Ben tremila soldati persero la vita solo a Omaha Beach, nome in codice dato dagli alleati ad una delle cinque spiagge dove avvennero gli sbarchi. Questa spiaggia, soprannominata presto bloody Omaha cioè insanguinata, ha una ampiezza di otto chilometri e qui ci fu il massacro dei soldati della Big Red One, la gloriosa prima divisione statunitense, e dei fanti della ventinovesima divisione, riunite sotto il comando del generale Leonard T. Gerow nel V Corpo d’Armata. I fanti furono decimati ancora prima di toccare la sabbia perché a ridosso della costa erano piazzate le batterie di cannoni tedesche. Quelli che riuscirono ad attraversare la spiaggia indenni avevano nell’80% delle armi e delle munizioni inutilizzabili per via della sabbia e dell’acqua nonostante le custodie stagne e il tentativo di proteggere le canne dei fucili con i preservativi. Quando finalmente si riunirono, iniziarono la marcia verso le zone interne al grido di «shot the bastards», spara ai bastardi. Alla sera gli Alleati erano riusciti a penetrare nell’interno per soli due chilometri.
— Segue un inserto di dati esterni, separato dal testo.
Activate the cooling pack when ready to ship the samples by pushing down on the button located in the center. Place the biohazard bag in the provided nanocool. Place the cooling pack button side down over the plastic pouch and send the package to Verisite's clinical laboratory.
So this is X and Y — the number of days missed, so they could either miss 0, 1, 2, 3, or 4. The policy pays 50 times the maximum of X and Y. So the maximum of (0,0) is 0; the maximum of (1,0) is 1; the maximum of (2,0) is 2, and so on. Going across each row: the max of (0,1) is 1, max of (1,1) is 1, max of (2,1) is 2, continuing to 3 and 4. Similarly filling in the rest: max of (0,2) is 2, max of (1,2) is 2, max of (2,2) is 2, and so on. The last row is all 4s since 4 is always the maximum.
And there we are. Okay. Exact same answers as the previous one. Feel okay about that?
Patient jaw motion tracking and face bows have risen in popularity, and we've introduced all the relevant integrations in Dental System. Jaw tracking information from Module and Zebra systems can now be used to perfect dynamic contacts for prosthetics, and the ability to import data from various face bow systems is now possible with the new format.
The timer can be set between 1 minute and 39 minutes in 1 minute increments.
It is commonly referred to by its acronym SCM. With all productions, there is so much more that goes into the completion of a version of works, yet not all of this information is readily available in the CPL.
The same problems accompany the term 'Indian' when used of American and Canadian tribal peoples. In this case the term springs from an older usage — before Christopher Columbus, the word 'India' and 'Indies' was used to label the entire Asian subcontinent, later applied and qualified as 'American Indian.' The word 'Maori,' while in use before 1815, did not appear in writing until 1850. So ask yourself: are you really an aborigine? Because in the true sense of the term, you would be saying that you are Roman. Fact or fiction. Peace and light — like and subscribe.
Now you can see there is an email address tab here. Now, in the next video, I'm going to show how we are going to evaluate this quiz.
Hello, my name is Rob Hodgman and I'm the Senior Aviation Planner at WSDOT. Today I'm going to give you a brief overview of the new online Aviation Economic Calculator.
Sulle altre spiagge le cose non andarono meglio. Erwin Rommel aveva intuito che la guerra si sarebbe vinta o persa sulla spiaggia. Hitler, non potendo più ignorare la minaccia di una invasione della Francia, l’aveva nominato prima ispettore della difesa costiera e poi, nel gennaio del 1944, comandante del Gruppo di Armate B, le forze di terra incaricate di difendere la Francia settentrionale. Durante uno dei quotidiani giri di ispezione al Vallo Atlantico aveva detto al suo aiutante di campo «Abbiamo una sola possibilità di fermare il nemico: quando sarà in acqua e cercherà di mettere piede a terra. I rinforzi non arriveranno mai sul posto dell’attacco, sarebbe follia pensarlo. La linea di difesa sarà qui, sulla costa. Mi creda, Lang, le prime ventiquattro ore dell’invasione saranno decisive: per gli Alleati, come per la Germania, quello sarà il giorno più lungo». E così fu.
Un giorno lungo costato la vita e le speranze di moltissimi giovani vite che più non furono. Di molti non rimasero nemmeno i corpi da piangere e seppellire. Rimane però questo impegno per la libertà, l’uguaglianza, la dignità di ogni essere umano «scritto nel sangue di queste spiagge» che durerà in eterno, come ha detto Obama in un lungo discorso al cimitero americano di Colleville-sur-mer, a picco su Omaha Beach, durante la giornata di commemorazione nel 2014, dopo essere stato al Memoriale di Caen: «Settant’anni dopo si rende omaggio ai soldati (…) che con il loro sacrificio cambiarono l’andamento di un secolo intero (…) e diedero una nuova speranza al mondo».